All YAADA documents will at a mimimum have two required attributes:
Field Name | Type | Description |
---|---|---|
doc_type |
String | The name of the type of document being represented. Used to determine the OpenSearch index where the document will be stored. |
id |
String | The unique (within doc_type) id for the document. Used as OpenSearch id. Autogenerated as a UUID if ommitted. |
@timestamp |
String | ISO 8601 formatted time that the document was ingested into OpenSearch. Will be autogenerated. |
The format of a minimal YAADA document in python would look like this:
{
"doc_type":"Foo",
"id":"1",
"foo":"bar"
}
With a default configuration, this document would be stored in the yaada-{TENANT}-document-foo
index with an OpenSearch unique id of “1”.
Schemas
YAADA supports defining document schemas as json or yaml files following the OpenAPI 3.0 json-schema variant.
Analytics
A YAADA Analytic in it’s most general form is a parameterized function that takes in 0-n
documents and produces 0-m
documents.
Some common Analytics types are:
- acquire data – analytics that produce documents representing some external content such as news articles or data housed in an external API.

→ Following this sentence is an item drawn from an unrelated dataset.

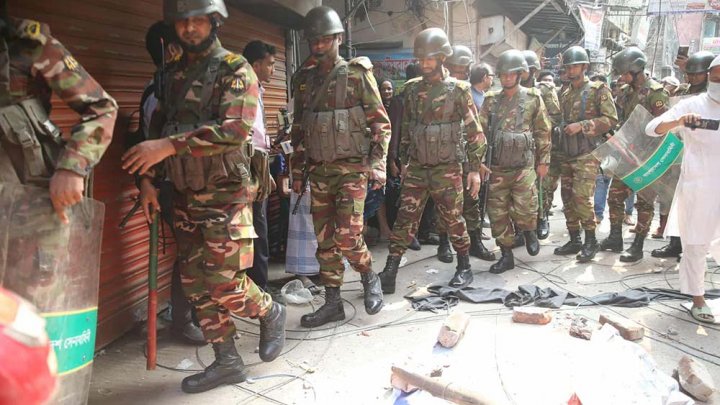 পুরান ঢাকায় ভূমিকম্পে নিহতের ঘটনায় উদ্ধার কাজে অংশ নেন সেনাবাহিনীর সদস্যরা/ বাংলা ট্রিবিউন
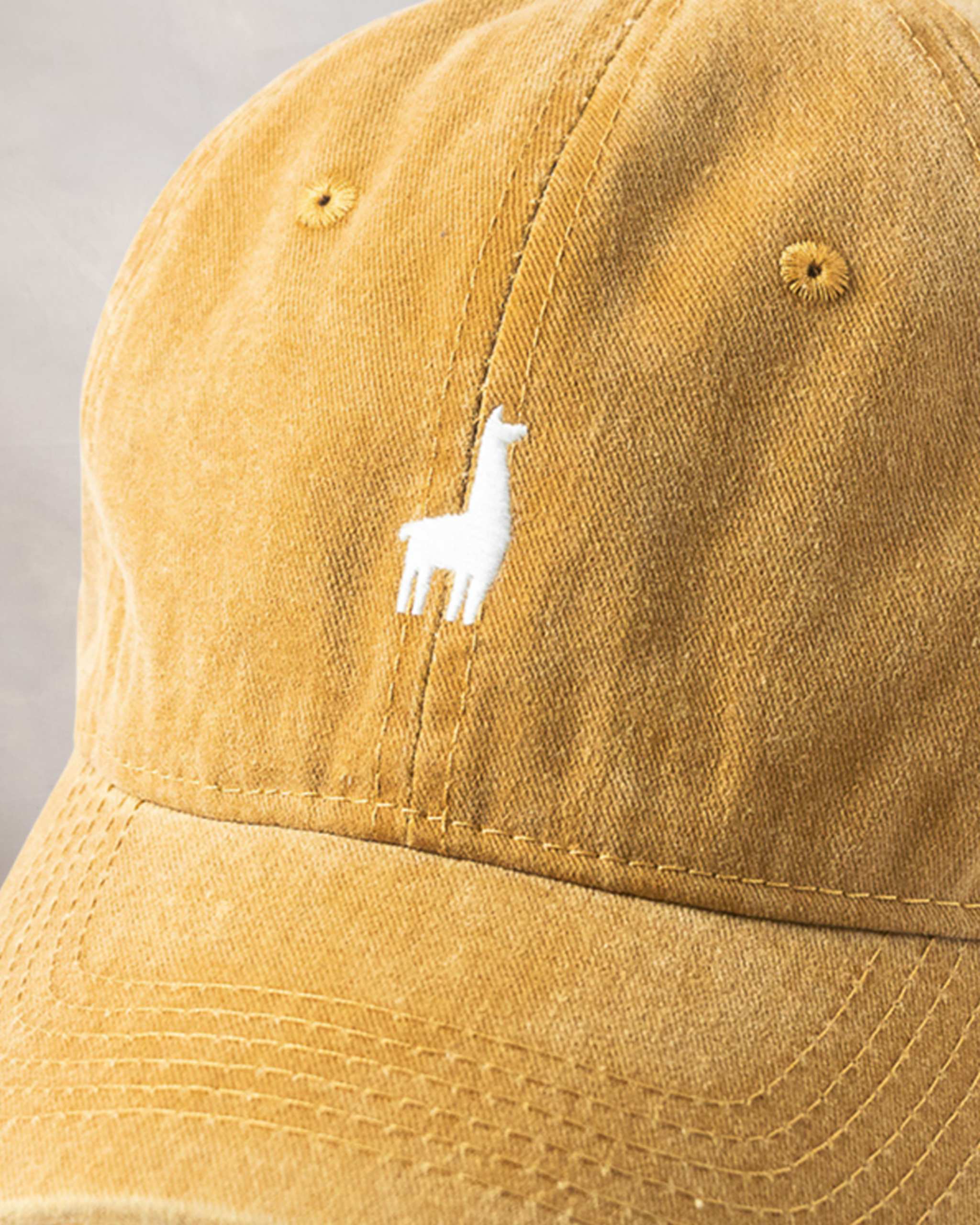 Gorra Qénido Amarilla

- transform data – analytics that take in a set of documents and emit updated versions of those documents (think Map from Map/Reduce).
- aggregate data – analytics that take in a set of documents, perform an analysis and produce a new document representing the aggregate analysis (think Reduce from Map/Reduce).
Generally, most analytics will follow the data flow pattern shown here:
Analytic Context
YAADA provides a built-in yaada.core.analytic.context.AnalyticContext
class that serves as the main API for interacting with or analyzing data. Most YAADA services will construct a single context
object which will get used by any analytics or pipelines invoked to interact with the backend databases. A user can instantiated as a context
object using the yaada.core.analytic.context.make_analytic_context
method. Once instantiated, the context object provides a suite of methods for interacting with OpenSearch, such as querying, fetching, and ingesting documents, as well as accessing YAADA capabilities like running analytics.
Analytic Models
Some analytics may be able to produce results in a stateless manner through simple inspection of the incoming documents, but often an analytic will have to use some outside resources to produce results, such as a trained language model. YAADA analytics may define an optional analytic model building step, where the analytic builds a named model from a set of documents and writes it out to a file or set of files to be stored in object storage, as illiustrated here.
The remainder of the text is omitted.